A simple way of reading the lines of the file is in memory – both Guava and Apache Commons IO provide a fast way to do just that:
Files.readLines(new File(path), Charsets.UTF_8);
FileUtils.readLines(new File(path));
The difficulty with this method is that all the file lines are stored in memory – which will promptly lead to OutOfMemoryError if the File is large enough.
For example – reading a ~1Gb file:
@Test
public void givenUsingGuava_whenIteratingAFile_thenWorks() throws IOException {
String path = ...
Files.readLines(new File(path), Charsets.UTF_8);
}
This starts off with a small amount of memory being consumed: (~0 Mb consumed)
[main] INFO org.baeldung.java.CoreJavaIoUnitTest - Total Memory: 128 Mb
[main] INFO org.baeldung.java.CoreJavaIoUnitTest - Free Memory: 116 Mb
However, after the full file has been processed, we have at the end: (~2 Gb consumed)
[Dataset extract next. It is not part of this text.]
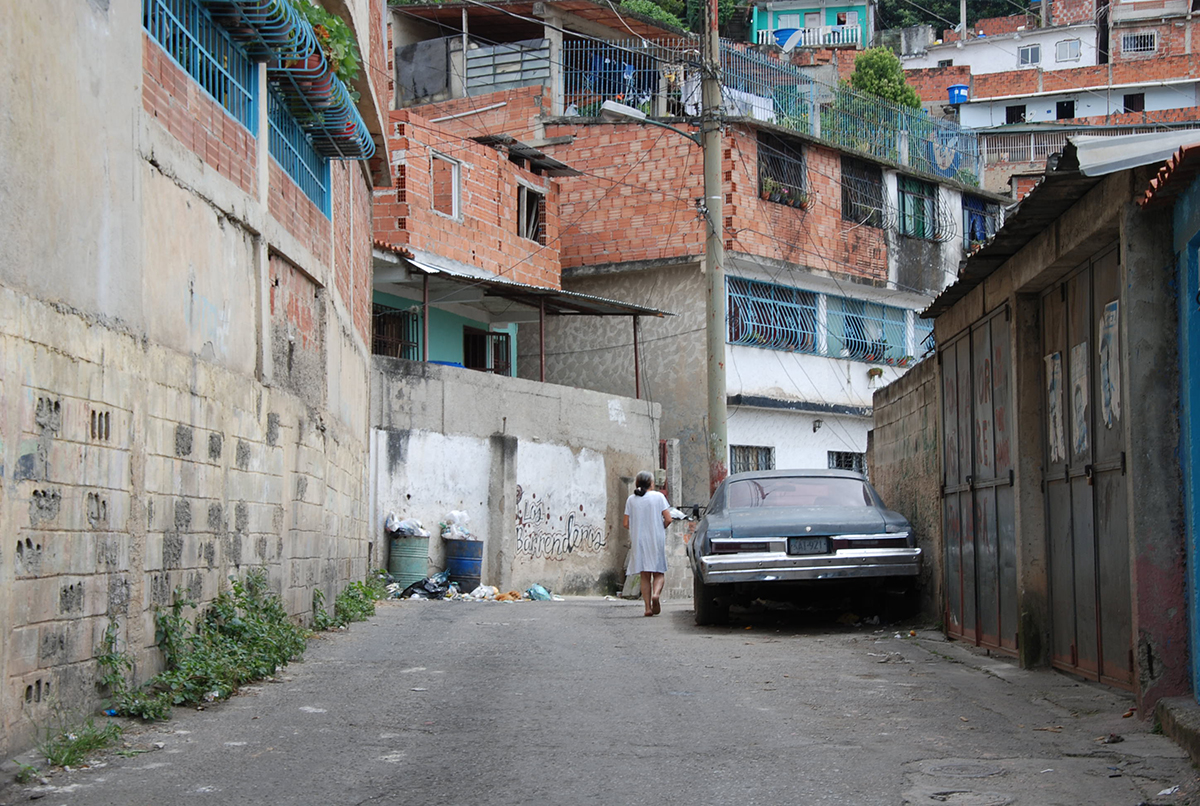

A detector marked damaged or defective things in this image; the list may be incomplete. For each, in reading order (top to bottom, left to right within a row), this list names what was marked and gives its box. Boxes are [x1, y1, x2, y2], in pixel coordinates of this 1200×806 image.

[main] INFO org.baeldung.java.CoreJavaIoUnitTest - Total Memory: 2666 Mb
[main] INFO org.baeldung.java.CoreJavaIoUnitTest - Free Memory: 490 Mb
This means that about 2.1 Gb of memory are consumed by the process – the reason is simple – the lines of the file are all being stored in memory now.
To solve this error use:
jmap -dump:format=b,file=filename 6054
It should be obvious by this point that keeping in memory the contents of the file will quickly exhaust the available memory – regardless of how much that is.
What’s more, we usually don’t need all of the lines in the file in memory at once – instead, we just need to be able to iterate through each one, do some processing and throw it away. So, this is exactly what we’re going to do – iterate through the lines without holding them in memory.